I love the simplicity and elegance of mathematical equations. Mathematics applied to physics is like a language, you are bound to follow some rules, but it is not as rigid as you may think. There is a degree of unexpectedness, you need to assume that anything is possible. I write equations that can solve scientific challenges. Almost two decades ago, a colleague asked me to help her find a way to process and understand the images she had acquired using non-synchrotron radiation X-rays. I came up with a method to enhance her excellent data. I didn’t think much more about it, but then in the last 8 or so years the method really took off. I had absolutely no idea to what extent the synchrotron radiation community was using the method worldwide, but for them it’s as though the beam is thousands of times brighter, and the acquisition time is drastically reduced. I still find it slightly bewildering and I think there has been an element of luck in this success. I am a low-tech guy, I just need a blackboard and some chalk in my job, and it’s amusing that what I am doing serves for high-tech experiments.

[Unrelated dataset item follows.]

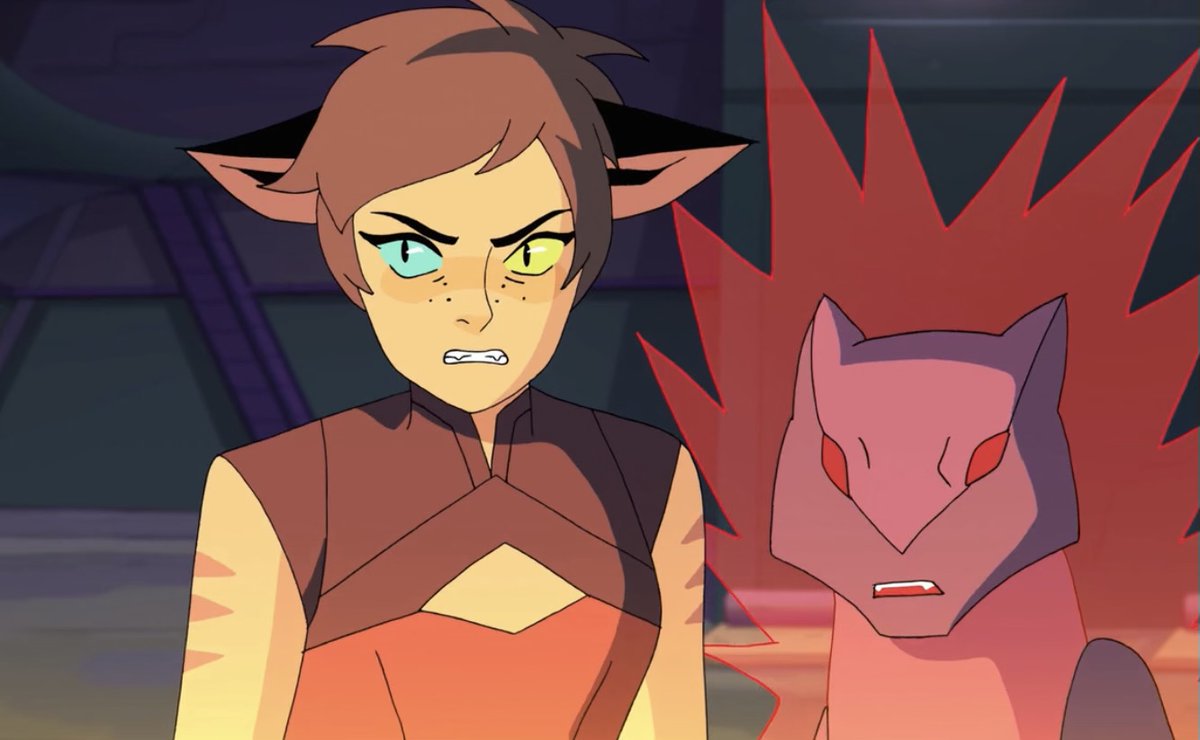 she-ra screenshots tweet media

I quit my paid university job over two years ago because I felt I was not evolving any more. Today I am still doing mathematical physics, but entirely on my own terms. I have total freedom and am quite at ease with uncertainty. Mathematics at a certain age can sometimes become less creative and complacent. I´d like to think that if I get to that point I would have the courage to walk away instead of being a travesty of what I was. After all, innovation is, to a degree, subversive, to go against convention.”
David Paganin is the author of the Paganin method for 3D X-ray imaging. He is an adjunct professor at Monash University in Australia where he taught theoretical physics and still carries out research.